## [The task]
From the line with "Quintology Wordart Wallpaper: A" to the end of the data below, restate each line word for word, both ends included, without the pictures.

*** Available records ***

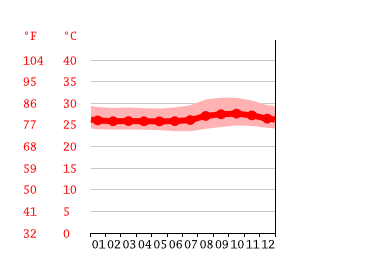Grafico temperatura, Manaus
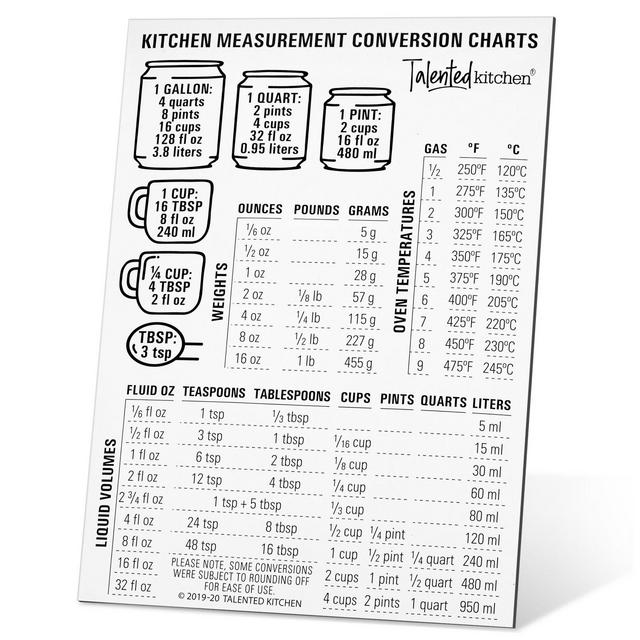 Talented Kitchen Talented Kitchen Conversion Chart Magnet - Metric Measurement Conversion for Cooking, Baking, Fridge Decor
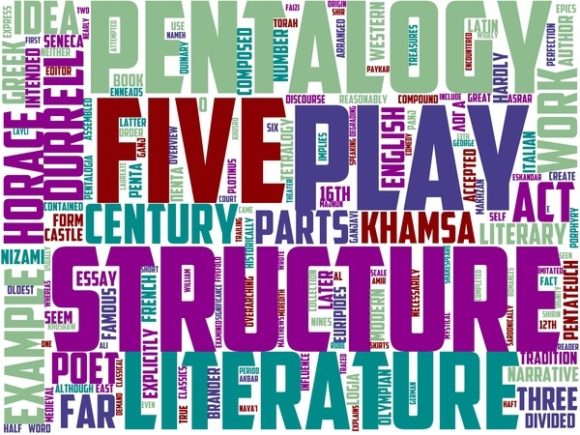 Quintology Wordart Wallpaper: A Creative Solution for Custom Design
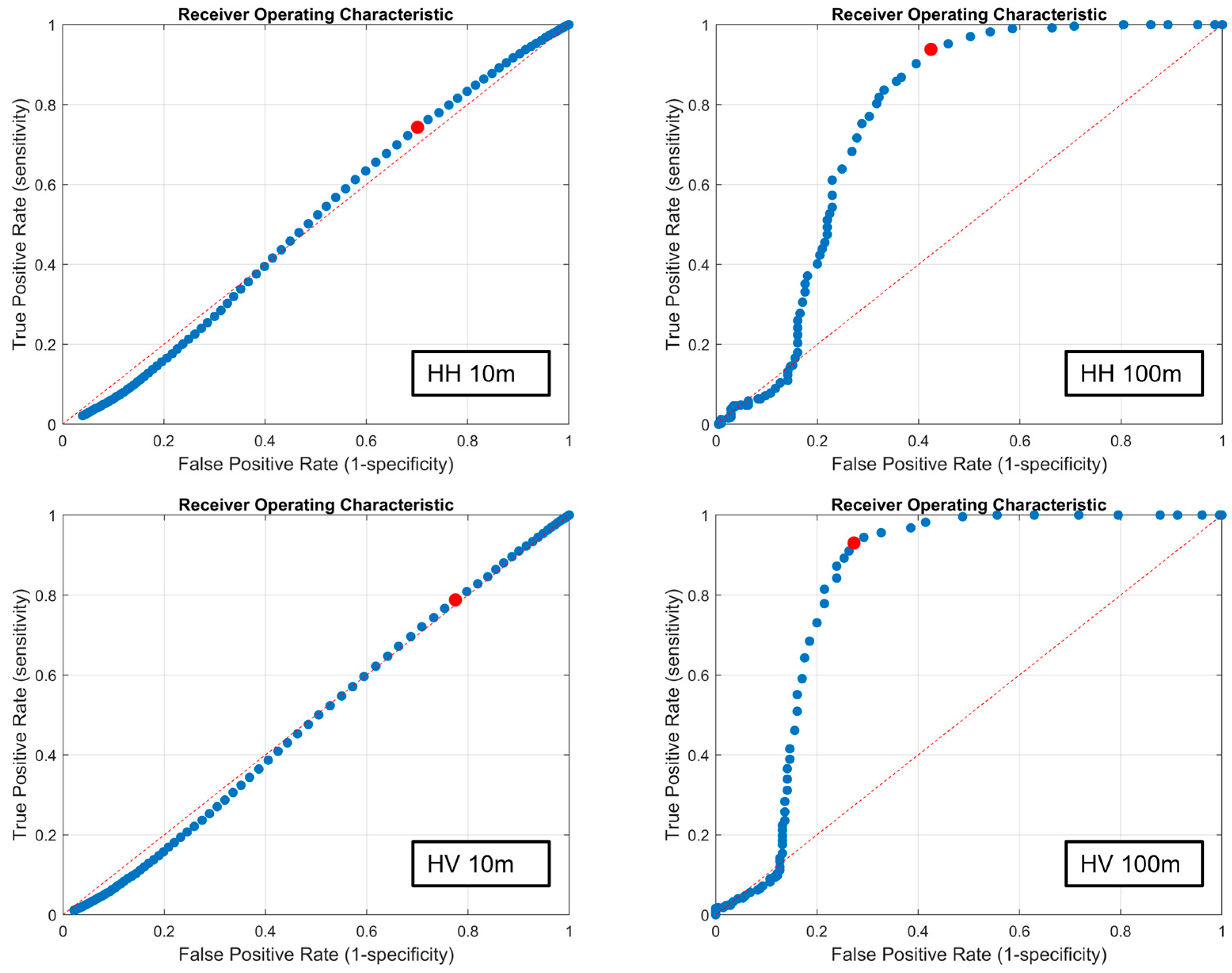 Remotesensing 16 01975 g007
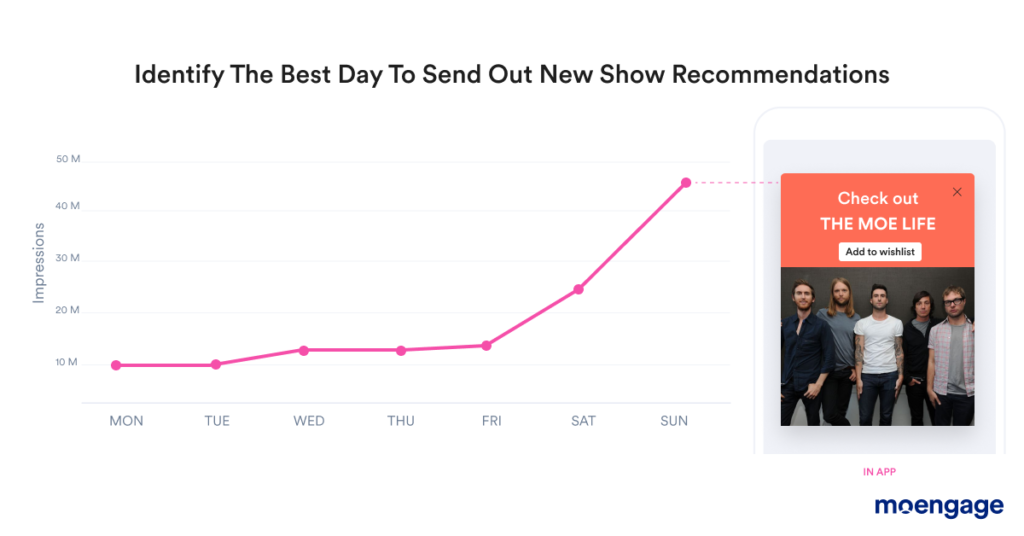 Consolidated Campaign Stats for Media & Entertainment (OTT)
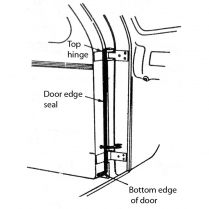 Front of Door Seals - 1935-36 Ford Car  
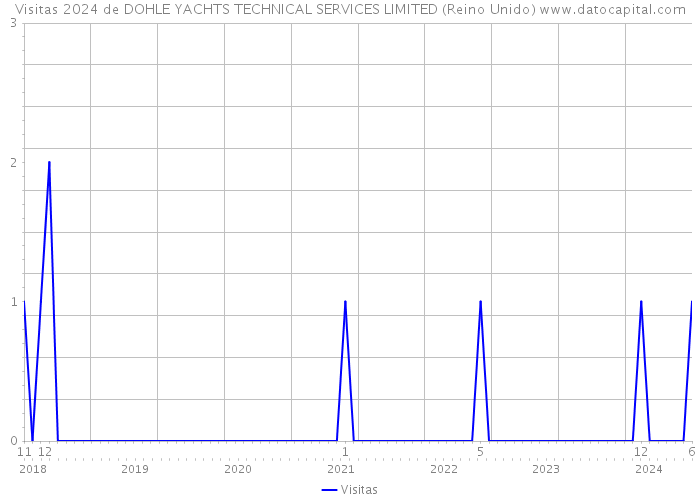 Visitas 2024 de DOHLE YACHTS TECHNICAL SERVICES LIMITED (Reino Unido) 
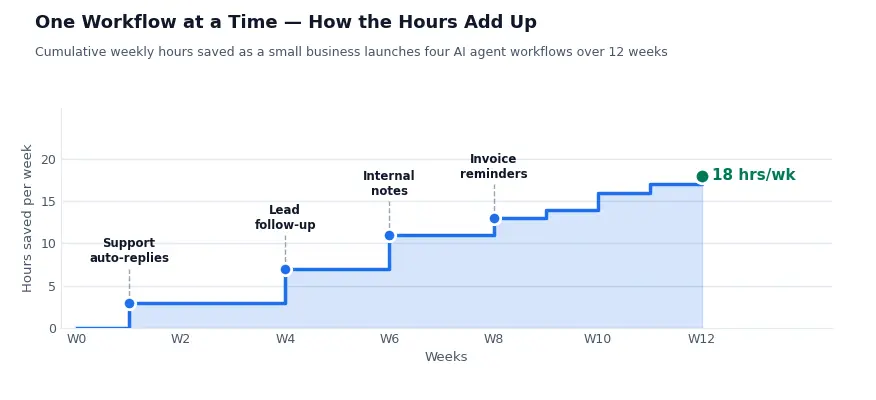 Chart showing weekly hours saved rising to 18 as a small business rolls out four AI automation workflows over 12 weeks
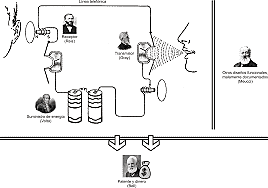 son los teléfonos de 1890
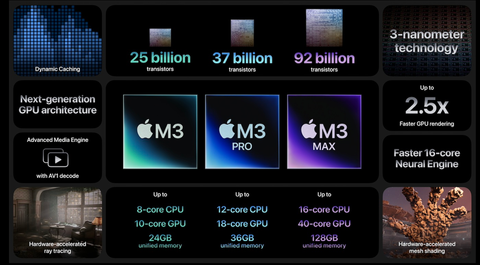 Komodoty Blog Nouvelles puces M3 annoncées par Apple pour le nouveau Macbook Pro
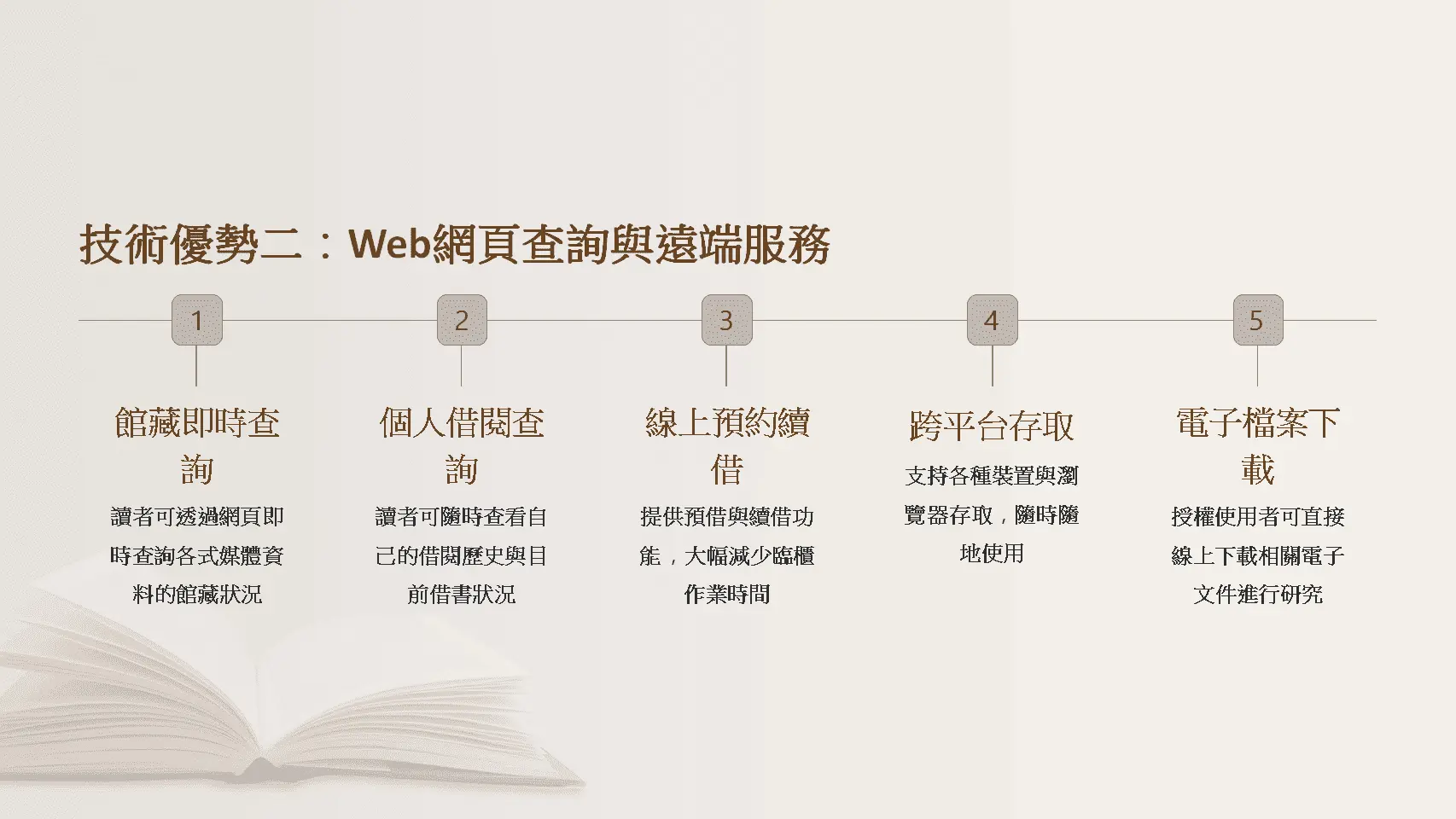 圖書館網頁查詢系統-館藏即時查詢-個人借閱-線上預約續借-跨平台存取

*** End of Available records ***

## [The answer]
 Quintology Wordart Wallpaper: A Creative Solution for Custom Design
 Remotesensing 16 01975 g007
 Consolidated Campaign Stats for Media & Entertainment (OTT)
 Front of Door Seals - 1935-36 Ford Car  
 Visitas 2024 de DOHLE YACHTS TECHNICAL SERVICES LIMITED (Reino Unido) 
 Chart showing weekly hours saved rising to 18 as a small business rolls out four AI automation workflows over 12 weeks
 son los teléfonos de 1890
 Komodoty Blog Nouvelles puces M3 annoncées par Apple pour le nouveau Macbook Pro
 圖書館網頁查詢系統-館藏即時查詢-個人借閱-線上預約續借-跨平台存取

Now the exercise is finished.